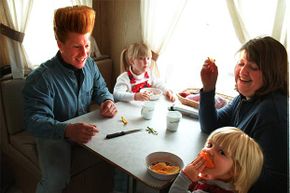 Big Apple Circus clown Bello Nock dines with his wife Jenny and their two daughters in their trailer.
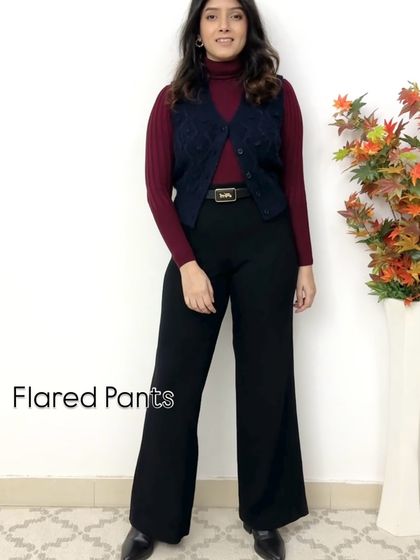 One great alternative to leggings is flared pants. Paired here with a turtleneck and a vest, they create a sophisticated and elongated silhouette for a polished winter look.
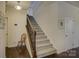 Inviting foyer showcasing hardwood floors and a carpeted staircase with decorative iron railings at 15237 Red Canoe Way, Charlotte, NC 28278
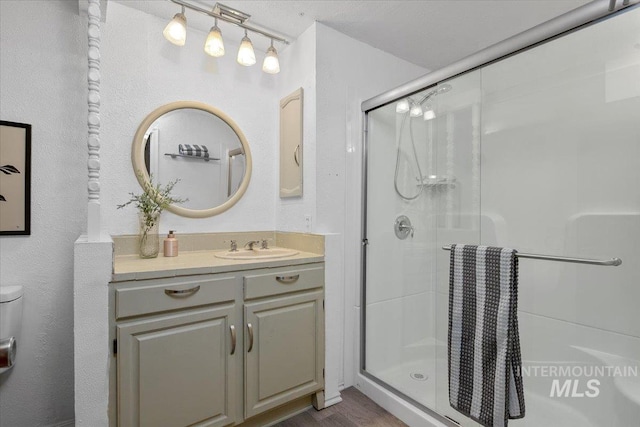 full bathroom with a shower stall, vanity, toilet, and wood finished floors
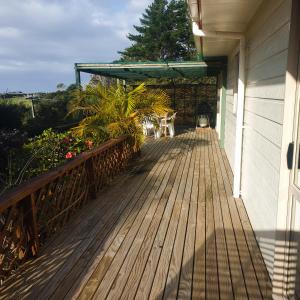 une terrasse couverte d'une maison avec une terrasse en bois dans l'établissement Tealuca Holiday Home, à Ngataki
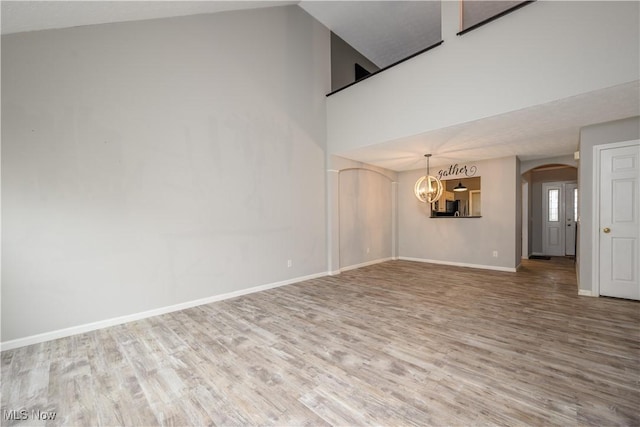 1145 Cookhill Cir, Akron, OH 44312 - interior space with wood finished floors, a towering ceiling, an inviting chandelier, arched walkways, and baseboards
----------
Exercise directions – Only the lines from the start of the records through the line containing "One great alternative" should be repeated, word for word, with the pictures left out.

Result of the exercise –
 Big Apple Circus clown Bello Nock dines with his wife Jenny and their two daughters in their trailer.
 One great alternative to leggings is flared pants. Paired here with a turtleneck and a vest, they create a sophisticated and elongated silhouette for a polished winter look.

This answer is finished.